Accusés par certains de sorcellerie, ils organisent une démonstration publique le 4 juin, dans le couvent des Cordeliers, lors de la réunion des États particuliers du Vivarais. L’Académie des sciences, qui entend parler de ces vols, leur demande de venir à Paris pour rééditer leur exploit devant un comité d’experts qui accréditera leur invention afin qu’ils puissent réclamer un financement au roi pour poursuivre leurs expériences. C’est qu’ils ne sont pas seuls en lice. Ils ont un sérieux concurrent avec le célèbre physicien Alexandre Charles qui, le 27 août, fait voler un ballon de 4 mètres de diamètre gonflé à l’hydrogène entre le Champ-de-Mars et Gonesse, à 25 kilomètres. Petite anecdote peu connue : Charles est contacté par une certaine Nabilla, désireuse de se faire greffer deux ballons...

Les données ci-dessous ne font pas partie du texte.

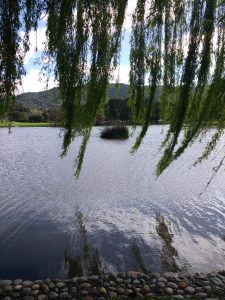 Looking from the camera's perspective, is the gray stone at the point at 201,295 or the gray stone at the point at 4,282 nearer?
the gray stone at the point at 201,295

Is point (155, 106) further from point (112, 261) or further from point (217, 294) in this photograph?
point (112, 261)

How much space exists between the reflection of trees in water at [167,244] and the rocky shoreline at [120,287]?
1152 millimetres

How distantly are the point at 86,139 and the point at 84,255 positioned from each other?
5740 mm

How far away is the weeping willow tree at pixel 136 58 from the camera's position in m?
5.34

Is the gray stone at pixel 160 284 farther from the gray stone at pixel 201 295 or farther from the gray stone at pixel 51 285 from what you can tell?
the gray stone at pixel 51 285

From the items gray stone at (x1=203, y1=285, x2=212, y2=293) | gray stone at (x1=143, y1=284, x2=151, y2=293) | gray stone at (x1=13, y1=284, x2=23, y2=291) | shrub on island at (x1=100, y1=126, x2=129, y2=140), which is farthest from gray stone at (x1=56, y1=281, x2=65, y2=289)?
shrub on island at (x1=100, y1=126, x2=129, y2=140)

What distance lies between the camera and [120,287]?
28.7 feet

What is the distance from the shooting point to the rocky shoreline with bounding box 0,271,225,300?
27.4 ft

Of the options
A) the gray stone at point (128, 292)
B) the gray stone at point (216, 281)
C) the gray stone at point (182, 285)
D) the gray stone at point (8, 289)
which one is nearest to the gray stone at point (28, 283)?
the gray stone at point (8, 289)

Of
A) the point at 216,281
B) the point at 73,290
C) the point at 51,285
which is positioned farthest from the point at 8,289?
the point at 216,281

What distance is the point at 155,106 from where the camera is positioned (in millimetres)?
6770

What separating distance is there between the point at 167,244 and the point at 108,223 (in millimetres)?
2723

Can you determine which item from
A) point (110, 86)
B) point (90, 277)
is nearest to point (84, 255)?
point (90, 277)

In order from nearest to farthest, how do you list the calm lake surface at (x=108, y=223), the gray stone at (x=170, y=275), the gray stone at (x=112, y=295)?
the gray stone at (x=112, y=295)
the gray stone at (x=170, y=275)
the calm lake surface at (x=108, y=223) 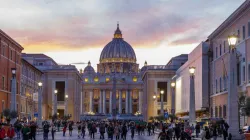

Jacques-Étienne se rend seul à Paris. Il s’installe dans l’usine de papiers peints Réveillon (dans l’actuelle rue de Montreuil, 11e arrondissement), où il fabrique un ballon de 1 060 m3 et pesant 450 kilos. Le premier essai de vol en ballon captif a lieu le 11 septembre 1783. Une délégation d’académiciens vient le lendemain pour assister à un nouvel essai, mais la montgolfière, trempée, se déchire. Rendez-vous est pris le 19 septembre à Versailles, devant le roi. Jacques-Étienne conçoit un ballon encore plus gros, haut de 19 mètres, pesant 400 kilos et possédant un volume de 1 400 m3. Il est baptisé le Réveillon en l’honneur des industriels qui ont accueilli Montgolfier. Un premier vol captif effectué sur place le 18 septembre confirme la solidité de la machine volante. Le lendemain, Louis XVI et Marie-Antoinette assistent donc à l’envol du mouton, du canard et de la poule. Un petit saut pour ces trois animaux, mais un bond de géant pour l’humanité.